Harper glanced at the two dead Frenchmen. "Were you supposed to do that, sir?"
"You mean, am I allowed to execute prisoners of war under the King's Regulations? No, of course I'm not. So don't tell anyone."
"Not a word, sir. Never saw a thing, sir, and I'll make sure the lads say the same."
"And one day," Sharpe said as he stared at the distant figure of Brigadier General Loup, "I'll put him against a wall and shoot him."
"Amen," Harper said, "amen." He turned and looked at the French horse that was still picketed in the settlement. "What do we do with the beast?"
"We can't take it with us," Sharpe said. The hills were too steep, and he planned to keep to the rocky heights where dragoon horses could not follow. "But I'll be damned before I give a serviceable cavalry horse back to the enemy." He cocked his rifle. "I hate to do it."

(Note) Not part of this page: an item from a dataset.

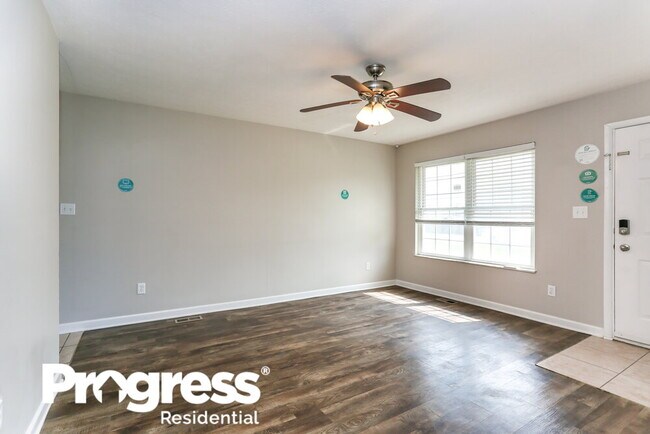 Building Photo - 4770 Sullivant Ave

"You want me to do it, sir?"
"No," Sharpe said, though he meant yes for he really did not want to shoot the horse. He did it anyway. The shot echoed back from the hills, fading and crackling while the horse thrashed in its bloody death throes.
The riflemen covered the Spanish dead with stones and thatch, but left the two French soldiers for their own comrades to bury. Then they climbed high into the misty heights to work their way westwards. By nightfall, when they came down into the valley of the River Turones, there was no sign of any pursuit.